CVE-2026-56843
Webpros · Plesk
WebPros Plesk contains an authorization flaw in the XML-RPC API that allows authenticated customers to access cross-tenant data and plaintext FTP credentials.
Executive summary
A critical authorization vulnerability in the WebPros Plesk XML-RPC API allows low-privileged users to access other tenants' cleartext credentials and escalate privileges.
Vulnerability
The vulnerability is an insufficient protection of credentials (CWE-522) where the XML-RPC API fails to enforce proper ownership checks for specific lookup filters, leading to cross-tenant information disclosure.
Business impact
With a CVSS score of 9.9, this vulnerability represents a severe risk to multi-tenant environments. An attacker can harvest FTP credentials from other tenants, potentially leading to unauthorized cross-tenant file access and privilege escalation to the system user level, which could result in widespread data breaches across the hosting platform.
Remediation
Immediate Action: Apply the latest security update provided by WebPros to upgrade Plesk to version 18.0.78.4 or later.

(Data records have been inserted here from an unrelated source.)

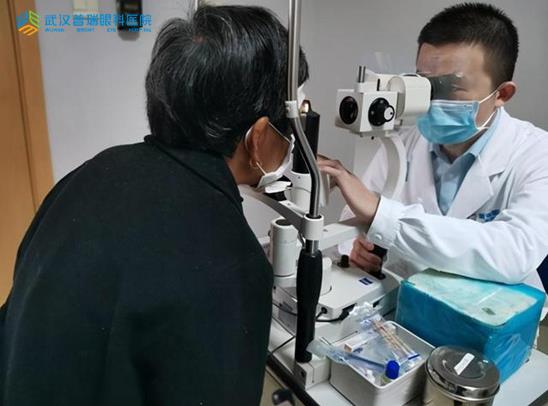 眼角疼還脹起膿包 慢性淚囊炎發(fā)作嚇壞六旬阿姨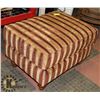 Image 1 : BROWN STRIPED FABRIC OTTOMAN 28"X22".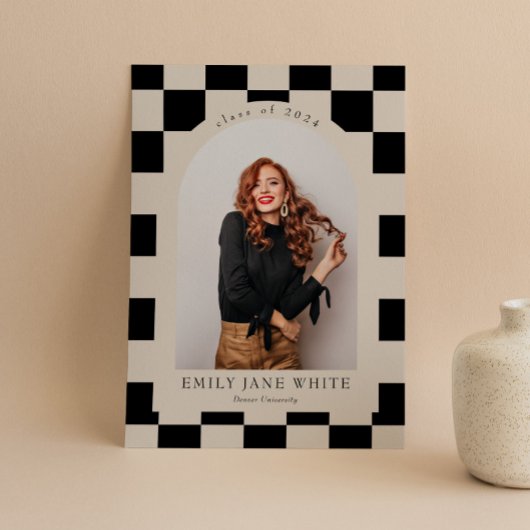 B&W Retro Checkered Arch Classic Foto Abschluss Einladung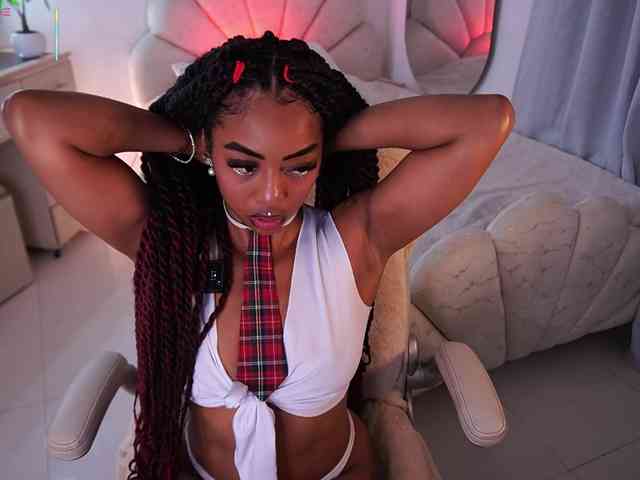 Model: AlondraSparrow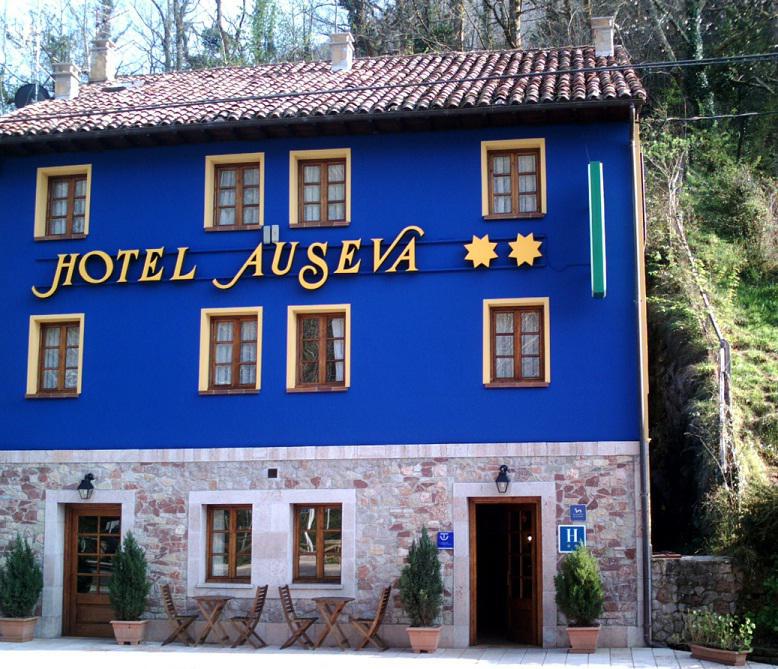 Auseva Hotel Covadonga Ngoại thất bức ảnh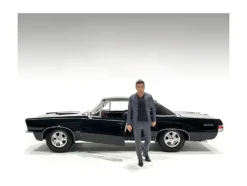 Gentlemen's Club Figure 4 for 1/24 Scale Models by American Diorama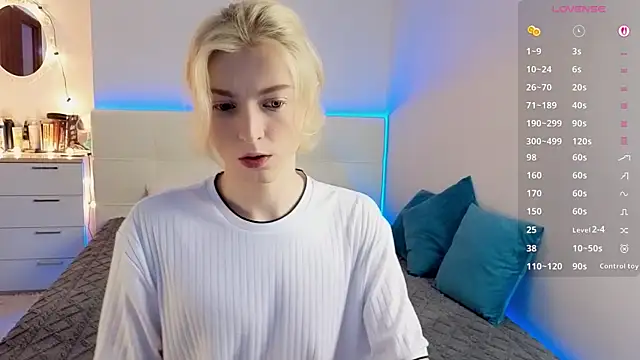 fiachand online show from April 30, 1:51 pm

Proactive Monitoring: Monitor API access logs for anomalous lookup patterns or unusual XML-RPC requests originating from low-privileged customer accounts.
Compensating Controls: If patching is delayed, restrict access to the XML-RPC API endpoints for untrusted users or implement strict IP-based access controls for API management.
Exploitation status
Public Exploit Available: No
Analyst recommendation
The risk of cross-tenant credential exposure in a hosting environment is extreme. It is imperative that administrators of Plesk instances verify their version and apply the update immediately to prevent unauthorized access to customer data and potential system-wide compromise.